On Sunday, the Student Assembly (SA) of the Undergraduate Government of Boston College (UGBC) passed two resolutions. The first called for BC to become a sanctuary campus. The SA joined Eradicate Boston College Racism in calling for University President Rev. William P. Leahy, S.J. to take more concrete action beyond his signing of two statements supporting DACA, an anti-deportation executive action that protects undocumented students, on Tuesday. The second of the two resolutions involves the reinstatement of the Bias Incident Reporting Team (BIRT). The purpose of the BIRT project is to establish a specialized unit of administrators to deal with issues of bias regarding “matters of gender equality, LGBTQ+, race, socioeconomic status, immigration statues, religious practices, and ability,” according to the UGBC resolution.
BIRT would also be responsible for research related to bias on campus, which it would then relay to divisions such as the Office of First Year Experience to track patterns of bias. UGBC is asking the University to reestablish this program in order to reaffirm its support for the diverse members of its student body.
One of UGBC’s biggest qualms with the University’s current system for bias incident reporting is a lack of student accessibility to the necessary forms. According to the resolution, there are two ways of reporting episodes of discrimination at BC: through the Dean of Students office and the Office of Institutional Diversity. Both are relatively unpublicized. The resolution proposes that the means for documenting incidents of bias be made available on the Agora Portal for all students.

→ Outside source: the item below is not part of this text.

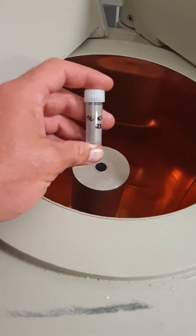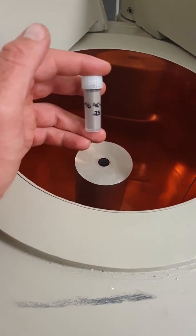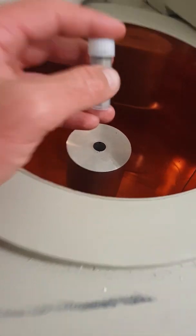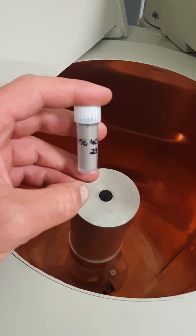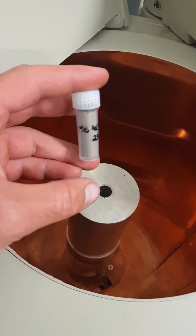This is a high purity germanium gamma detector. It's used to sample sediments and radioactivity within the environment.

The prospective movement of the bias incident reporting forms to the Agora Portal would represent an improvement to the administration’s current system for addressing social issues at BC. Providing students with easier and more direct access to these forms would encourage more frequent reporting of discrimination and therefore increased awareness of bias within the University community. Submitting on Agora would also allow the University to verify the credentials of the reporters without jeopardizing their privacy.